For SEO to truly work and be sustainable, it needs to include a process of build up. Any SEO consultant who says otherwise is fooling you. SEO is an ongoing effort, but one that is totally worth it. There are plenty of rabbit holes to fall into when it comes to Google algorithm updates. As touched upon before - backlinks are simply links from other websites directing viewers to your site. Search engines love these. It’s important to target websites that are related to your niche, so their audience will enjoy and hopefully link to your content. A guest post on a relevant website will also help you attract leads. Search engines are starting to improve how they determine if a website is relevant or not. So targeting relevant websites would be a great start to future proofing your link building strategy.
Has your website been pawed to pieces by a panda?
The Google Search Console is an important basis for website
monitoring. Not only is the sitemap.xml uploaded to the
Search Console, you also obtain important data about the
most common keywords used to find the website on Google.
In addition, the Search Console also informs you about
hacked websites and warnings to unnatural links. A site that hasn’t
done its keyword research is like a car driving in the dark down between two points. Keyword research is a constant and has been and still is a cornerstone of SEO. Do it before you do anything else! At its core, SEO is about user intent. Search engines, like Google, want to provide users with results that are relevant to their queries and offer the utmost value. Therefore, it’s no surprise that the best and most relevant pages are given higher positions on a search engine results page. Ranking high in Google can bring you some
serious traffic too. When looking at a Google
results page (often referred to as Search
Engine Results Page, or SERP for short), the
number one result alone brings in 31% of
search traffic on average. Meaning, when
people search for a keyword, 31% of those
searches will click the first result.
Maximize Organic CTR
Google doesn ’t want a website owner to be able to artificially climb its SERPs. Rather, Google wants websites to climb the ranks only when they are genuinely valuable and popular with the audience. It wants to see natural, organic links that you haven’t paid for and it wants to see deep, relevant and interesting content. A company may be
able to identify thousands of keywords worth optimizing—but do they have a big enough SEO budget to handle that workload? User-generated content (UGC) sites and communities are two of my favourite places to find untapped keywords. Everyone likes to see a nicely designed website, but given a choice between a great looking website with little/poor content and a poor looking website with great content, people prefer the latter. They aren’t searching online to look at pretty websites. They’re searching online for a specific reason and if you meet their needs then there’s a good chance that they’ll make a purchase from you, either straight away or in the future.
I do not think Google title and H1 tags need to exactly be the same. They need to serve the same objective not to confuse the audience of that website, but they need not be identical. The page title and URL are two of only a small number of elements that are present for a user to view within the search engine results page. It’s fair to say that they have a huge impact on click-through rate from the SERPs. Relevance is a measure of how appropriate a given page is for a given query. In the early days of SEO, this ultimately boiled down to what keywords were used in a query, compared to what keywords were found on an indexed page. According to Gaz Hall, a UK SEO Consultant
: "Search engines audiences are “in demand” mode and already tell you what they are looking for. This makes them a fantastic pre-qualified market to tap into. If you wish to drive revenue from new business and but find other lead generation tactics ineffective, this is a key platform to consider."
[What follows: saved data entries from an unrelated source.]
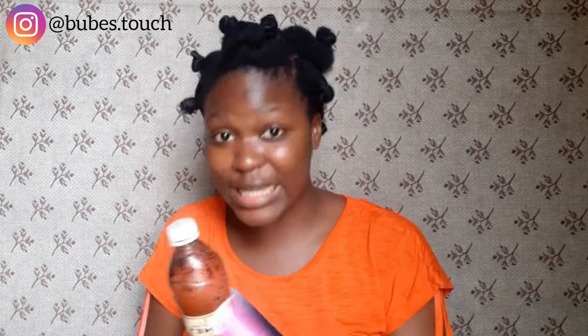I did a honey mask treatment before and this is like an updated version. In that video I made some mistakes and I felt like I should film it again so you guys can get it right, because it's trial and error — we all make mistakes.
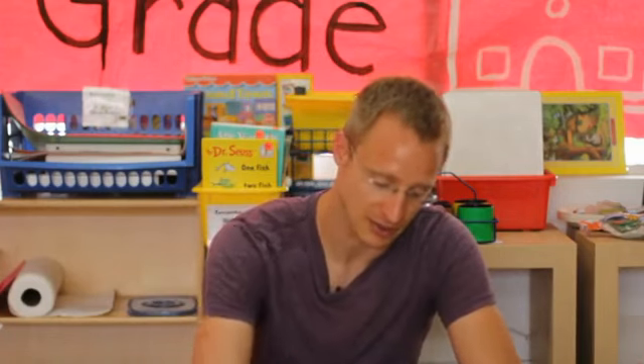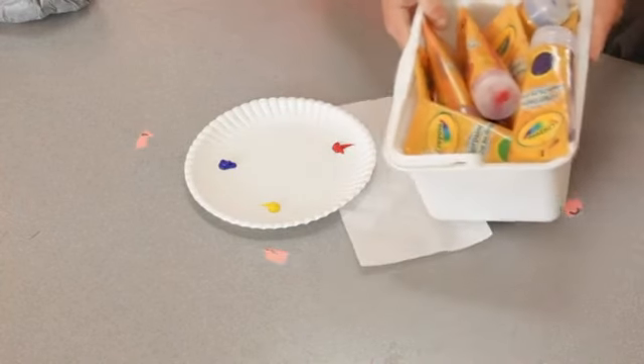You can also differentiate by giving some kids only the primary colors so they have to mix their own, whereas other kids might get all the colors. Or some students might be working on verbally asking for things — if a student's speaking is just emerging, asking a question such as 'May I please have green?' could be part of their goal. So you can see how you can take one assignment — 'Let's paint the highlight of your summer' or 'Let's paint what you learned today' — and make it at different levels of difficulty.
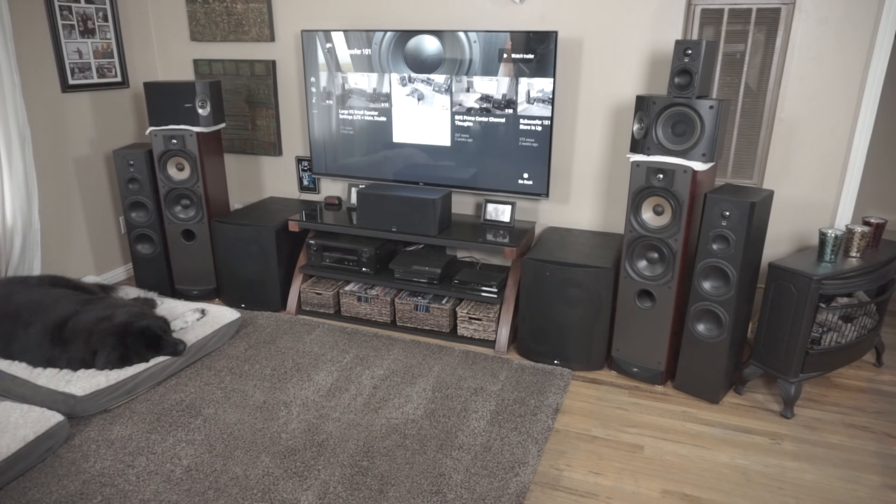These Bose 301 speakers are actually my old speakers — they're now my mom's speakers, and she's had them for years. They started in my house; I bought them, had them for a while, then moved on to the Acoustamass setup with the little jewel cube speakers. I did my other Bose video about why I moved on, and people have been asking me: are the Bose 301s good?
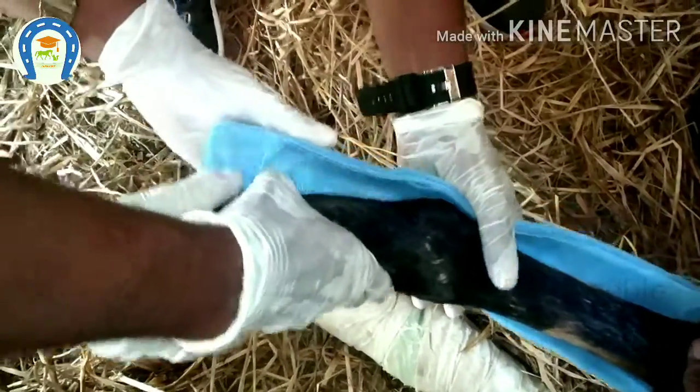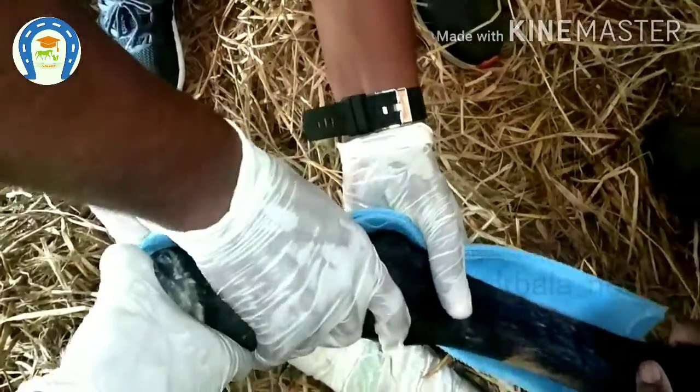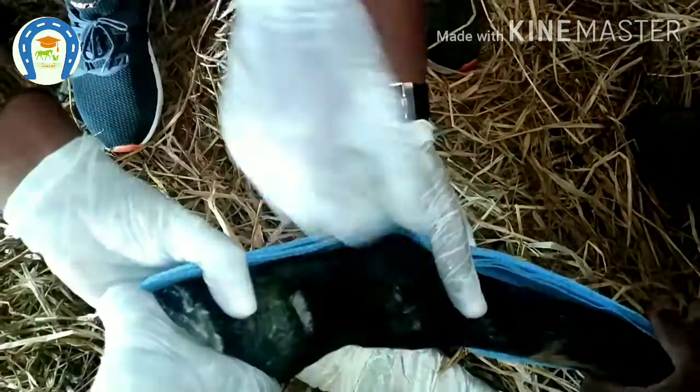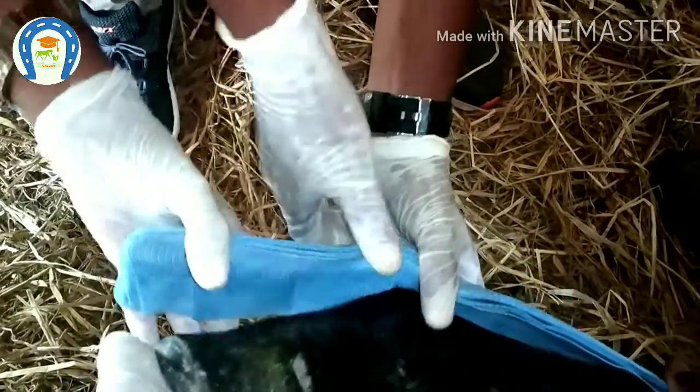If we choose a PVC pipe, even if we bend it, it may break within one or two days. And plaster of Paris will not bear the weight either — it is also easily breakable.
Ensure that you get language declaration right
The goal of SEO is not to generate traffic but, rather, to generate sales leads and e-commerce revenue. A large part of
the search engine optimization process starts with focus: what is your website about? You have to focus on what we sometimes call ‘top tasks’. When I am reading articles, therefore a potential consumer, I have no idea whether a link is follow or nofollow. Clearly, a huge majority of people will not have the slightest idea that such a distinction exists! If I am intrigued by what is written about your product or service, I will click. If I really like what I see on your site, I may buy. The type of link will not be in my thoughts. SEO moves fast. It’s an ever-changing discipline where what worked six months ago, might be completely out of date. However, there are some fundamentals that stay more or less the same.